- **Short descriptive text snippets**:

┌──

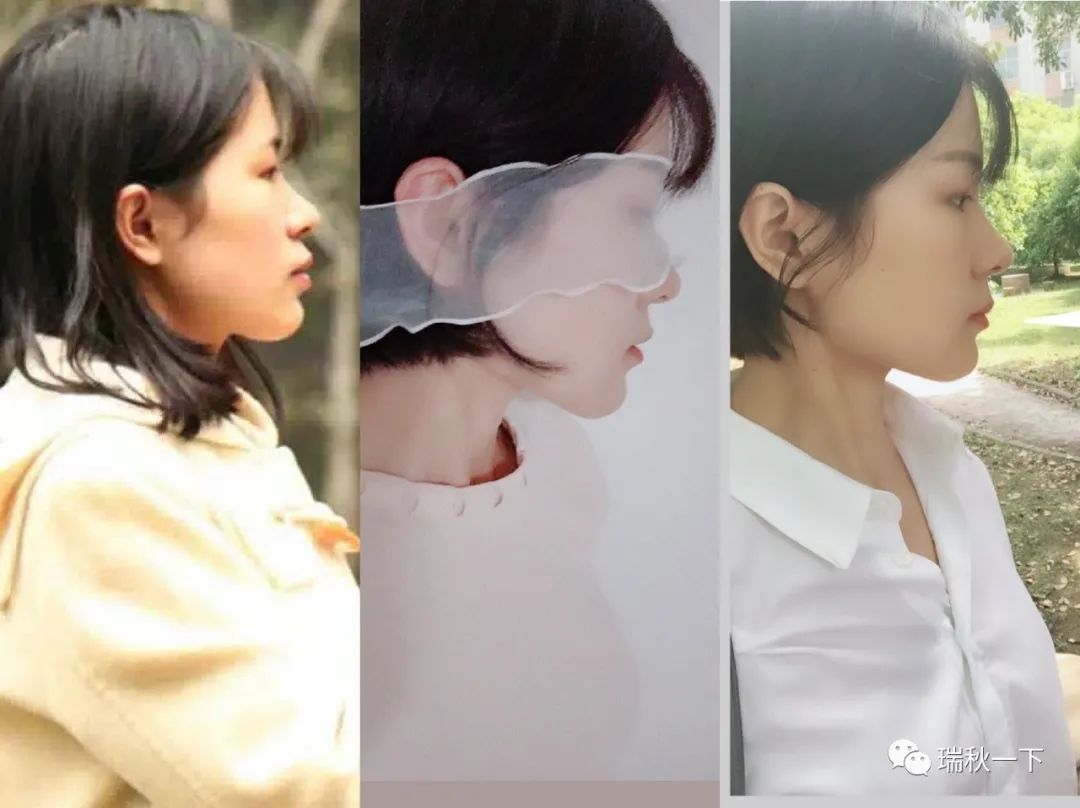 牙齿矫正,你后悔了吗?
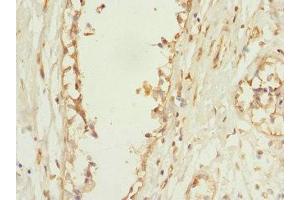 Immunohistochemistry of paraffin-embedded human breast cancer using ABIN7163649 at dilution of 1:100 (PLEKHF2 抗体  (AA 1-249))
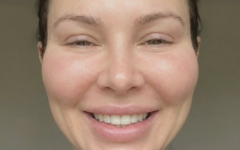 woman smiling excessive cheek filler pillow face effect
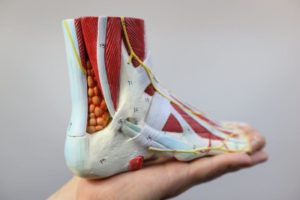 Pain Above the Heel in the Back of the Foot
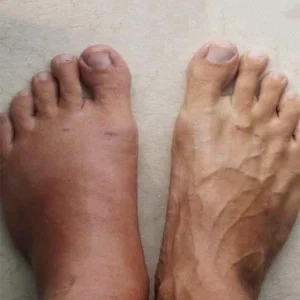 Swollen feet: a sign you shouldn’t ignore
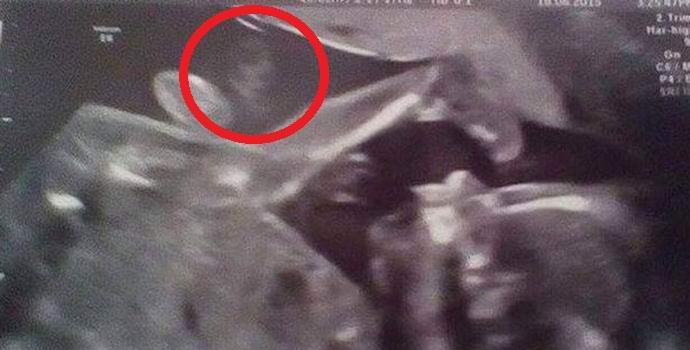 Un fantasma di una nonna apparve sull'immagine ecografica di un bambino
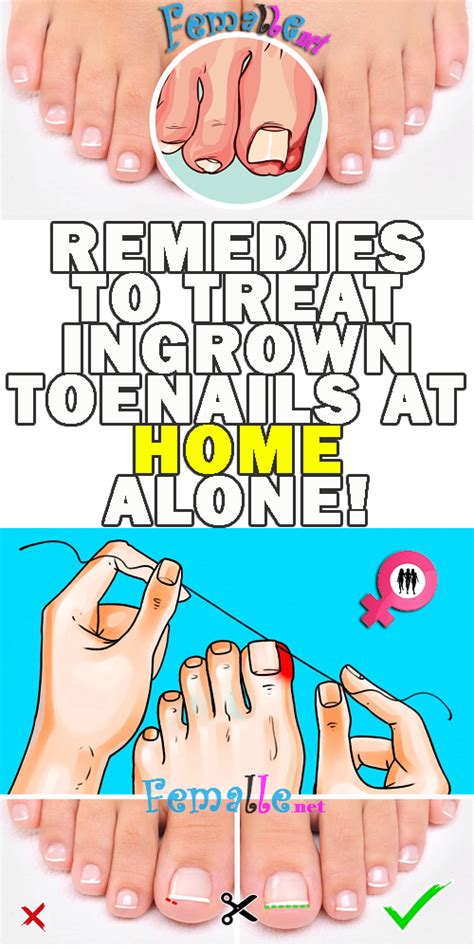 Here They Are 5 Remedies To Treat Ingrown Toenails At Home Alone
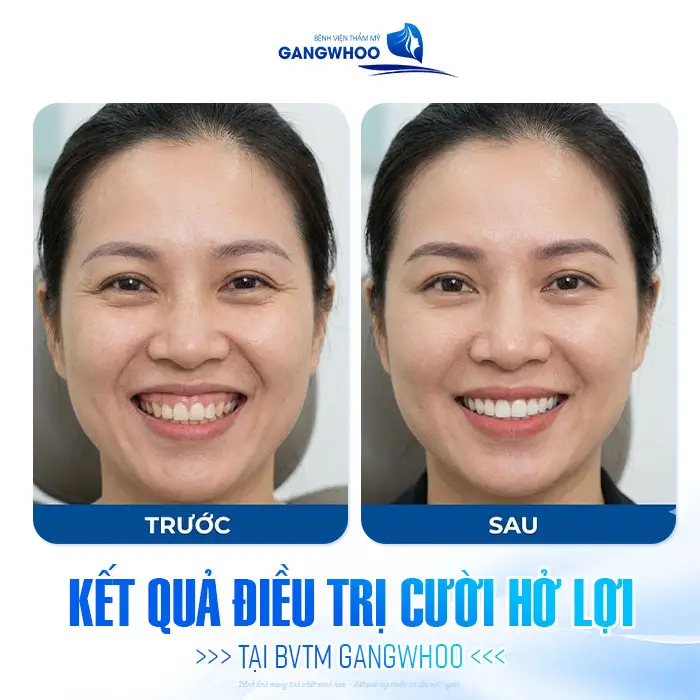 Kết quả điều trị cười hở lợi an toàn và hiệu quả rõ rệt tại BVTM Gangwhoo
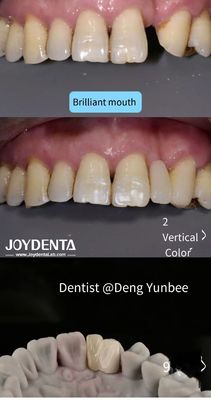 Denti posteriori di Maryland Bridge legati a resina per il filo interdentale da spazzolatura regolare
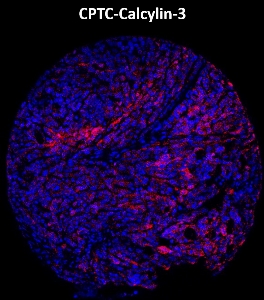 Click to enlarge image Imaging mass cytometry on ovarian cancer tissue core using CPTC-Calcyclin-3 metal-labeled antibody.  Data shows an overlay of the target protein signal (red) and DNA (blue). Dilution: 1:100 of 0.5mg/mL stock. Signal was also obtained in other normal tissues (testis, prostate, liver, colon, appendix, breast, kidney, lung, and placenta) and cancer tissues (breast, colon, prostate, lung, and ovarian).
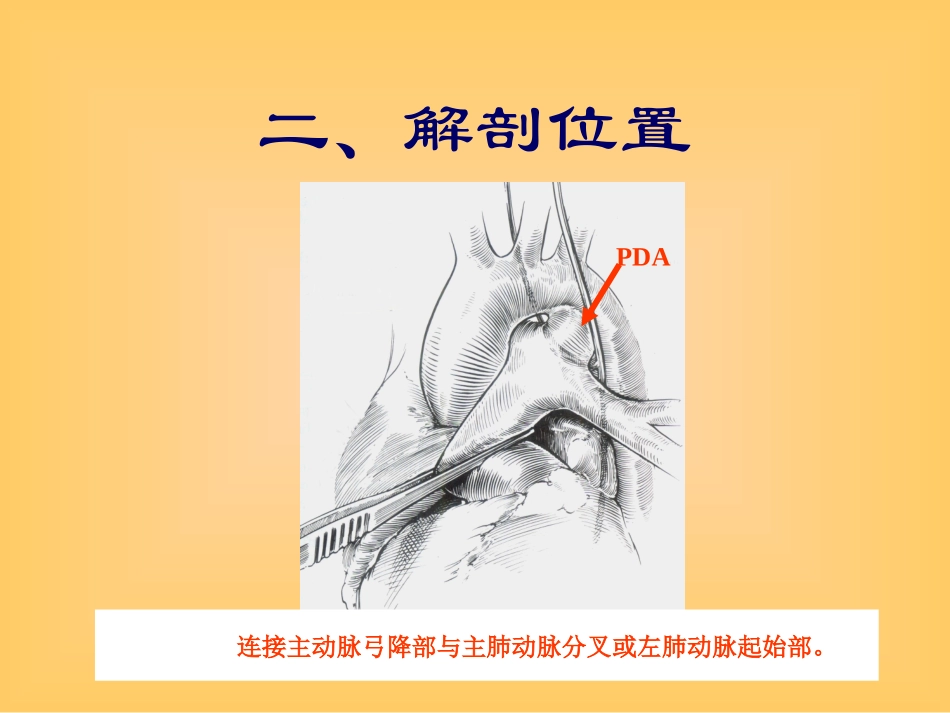 先天性心脏病PDA.ppt_第2页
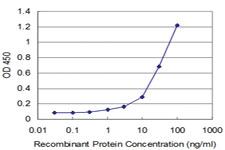 Anti-TESK2 Mouse Monoclonal Antibody [clone: 5C3]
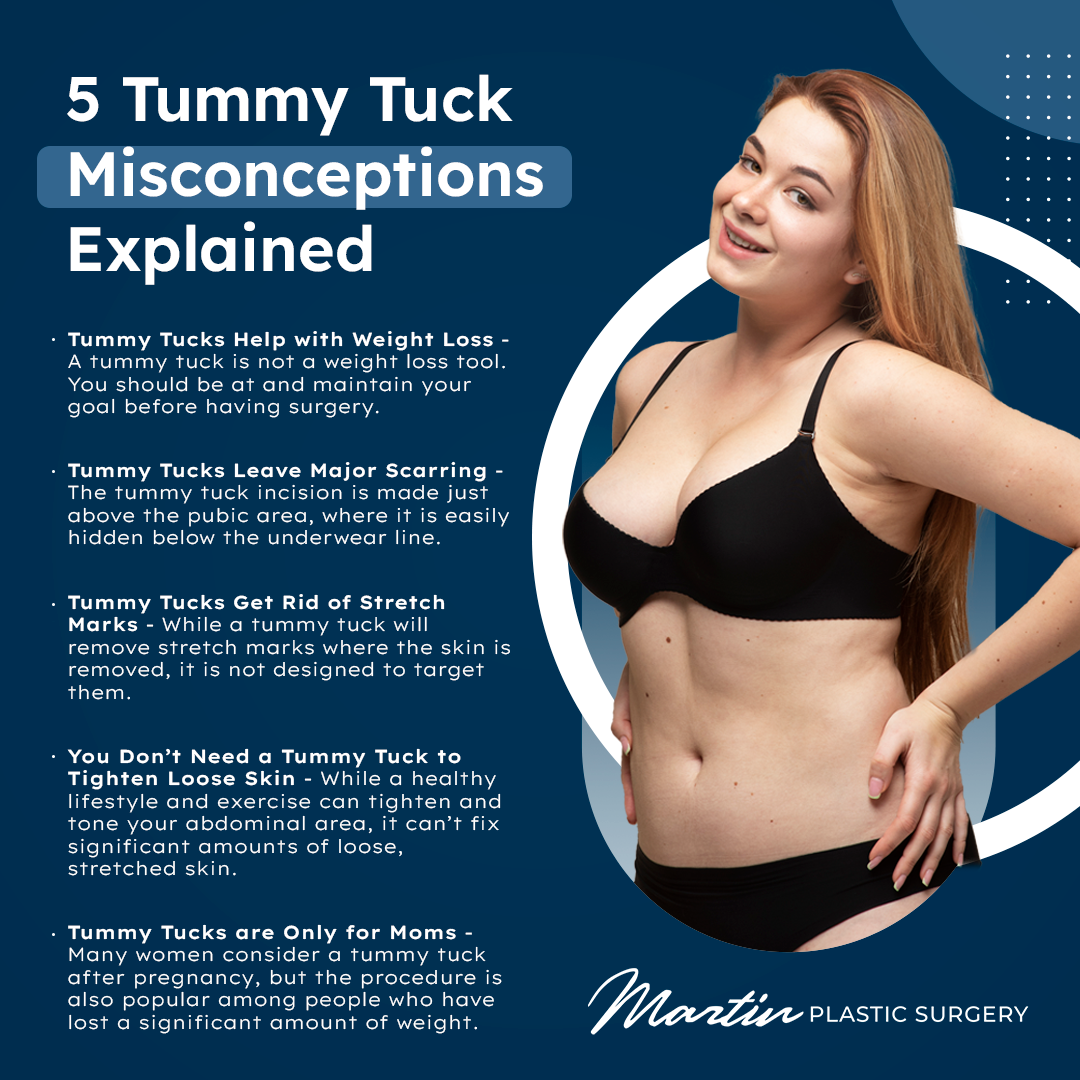 5 Tummy Tuck Misconceptions Explained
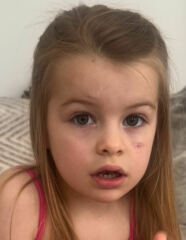 Haemangioma/propranolol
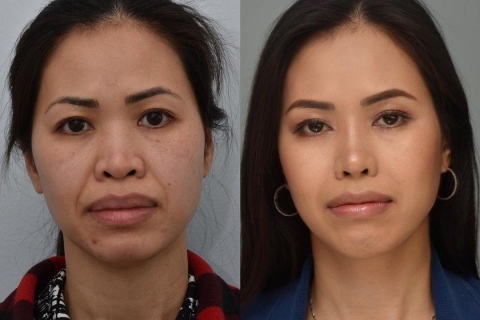 rhinoplasty and lip reduction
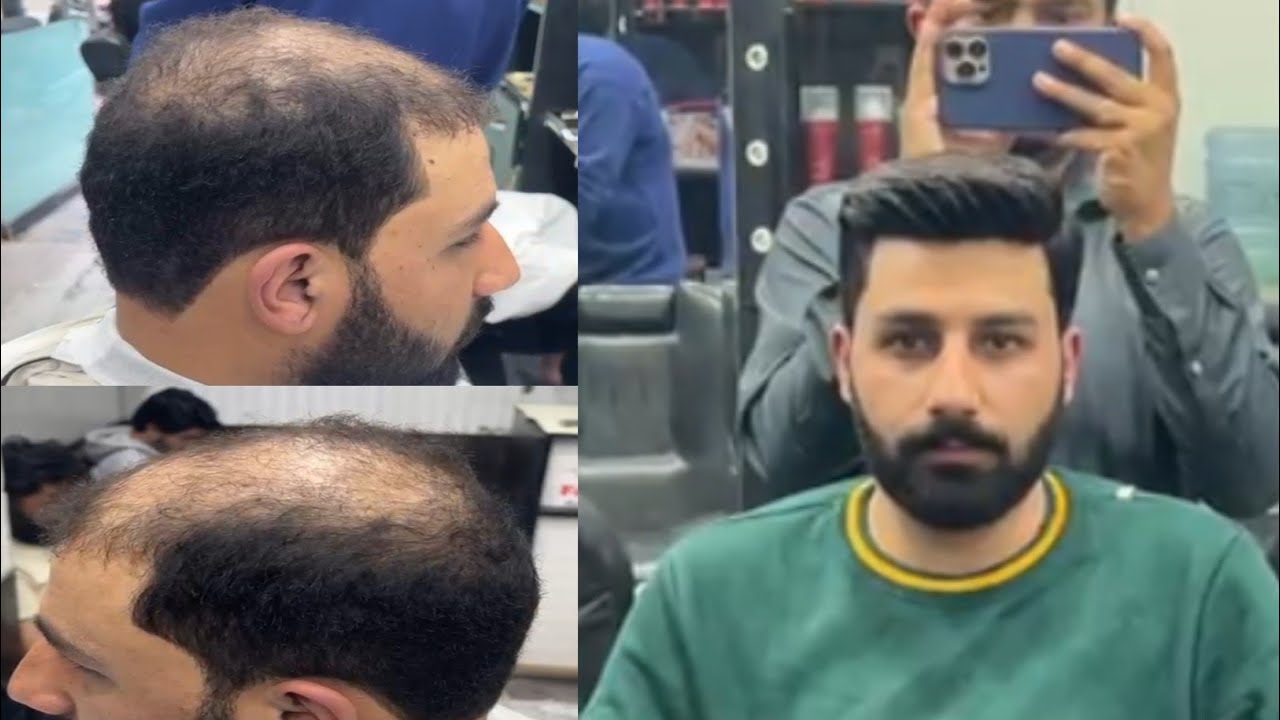 Best Hair Wig 2026 | Natural Front Hair Line Patch | Hair Patch In nRawalpindi | Falak Hair Club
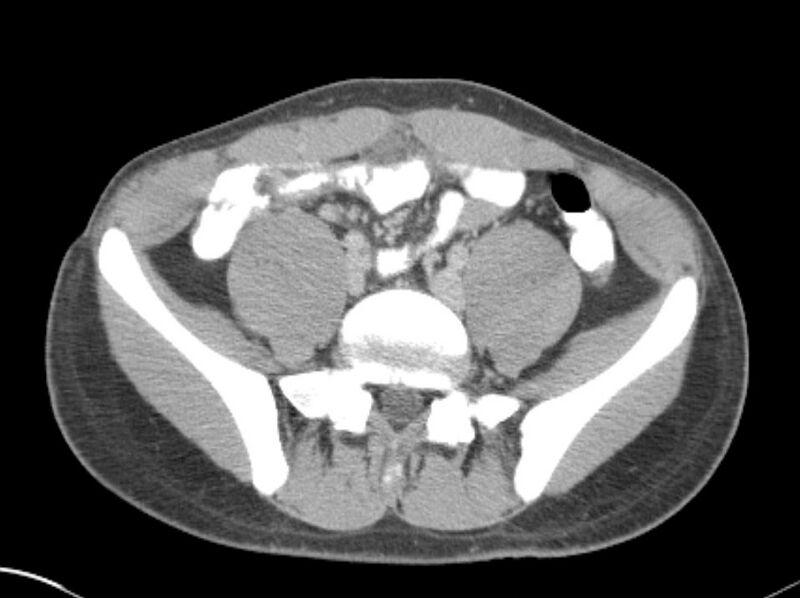File:Appendicitis and incidental foregut duplication cyst (Radiopaedia 52962-58916 A 62).jpg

└──

- **What is expected**: Verbatim copy, images excluded: transcribe all the entries above.

- **Solution for this problem**:
 牙齿矫正,你后悔了吗?
 Immunohistochemistry of paraffin-embedded human breast cancer using ABIN7163649 at dilution of 1:100 (PLEKHF2 抗体  (AA 1-249))
 woman smiling excessive cheek filler pillow face effect
 Pain Above the Heel in the Back of the Foot
 Swollen feet: a sign you shouldn’t ignore
 Un fantasma di una nonna apparve sull'immagine ecografica di un bambino
 Here They Are 5 Remedies To Treat Ingrown Toenails At Home Alone
 Kết quả điều trị cười hở lợi an toàn và hiệu quả rõ rệt tại BVTM Gangwhoo
 Denti posteriori di Maryland Bridge legati a resina per il filo interdentale da spazzolatura regolare
 Click to enlarge image Imaging mass cytometry on ovarian cancer tissue core using CPTC-Calcyclin-3 metal-labeled antibody.  Data shows an overlay of the target protein signal (red) and DNA (blue). Dilution: 1:100 of 0.5mg/mL stock. Signal was also obtained in other normal tissues (testis, prostate, liver, colon, appendix, breast, kidney, lung, and placenta) and cancer tissues (breast, colon, prostate, lung, and ovarian).
 先天性心脏病PDA.ppt_第2页
 Anti-TESK2 Mouse Monoclonal Antibody [clone: 5C3]
 5 Tummy Tuck Misconceptions Explained
 Haemangioma/propranolol
 rhinoplasty and lip reduction
 Best Hair Wig 2026 | Natural Front Hair Line Patch | Hair Patch In nRawalpindi | Falak Hair Club
File:Appendicitis and incidental foregut duplication cyst (Radiopaedia 52962-58916 A 62).jpg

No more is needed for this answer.